Proof of lemma 1 : Exercise :-)

Proof of lemma 2 : Let $A_d = \{f \in \mathcal O(V) : \deg(f) \leq d\}$. This is a vector space, and for $d$ big enough $\dim A_d \geq m$ (this always works unless $\dim V = 0$). In particular, there is always an element $f \in \mathcal O(V)$ with $f \neq 0, f(a_i) = 0$ for all $i$. You can take $W = Z(f_i)$.

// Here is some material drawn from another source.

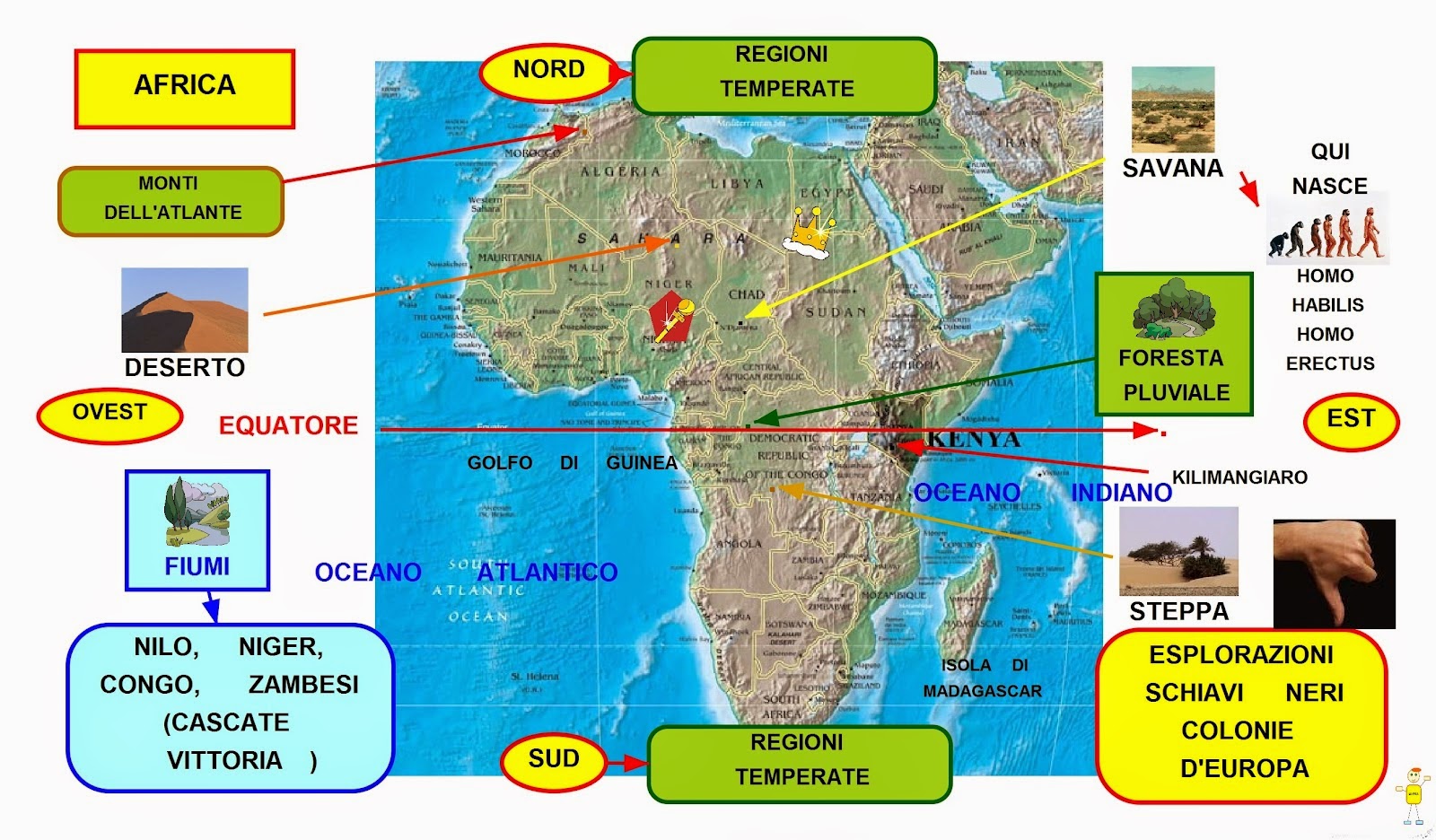 Mappa Dell africa Con Rilievi Del Terreno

An example : Assume $n=2$. Then, for any points $a_1, \dots, a_m$ there is a curve of large degree $d$ with $a_i \in C$. Now, consider a different curve $C'$ of degree $d$ (assume $C,C'$ irreducible and $C \neq C'$) with the same property. Now, $C \cap C' = \{a_1, \dots, a_m, b_1, \dots, b_r\}$. For each $1 \leq j \leq r$, pick a irreducible curve $C_j$ with $a_i \in C_j, b_j \not \in C_j$. Now, if $f,f',f_j$ are equations for $C,C',C_j$ then the solutions of $f = f' = f_1 = \dots = f_r = 0$ are exactly $\{a_1, \dots, a_m\}$.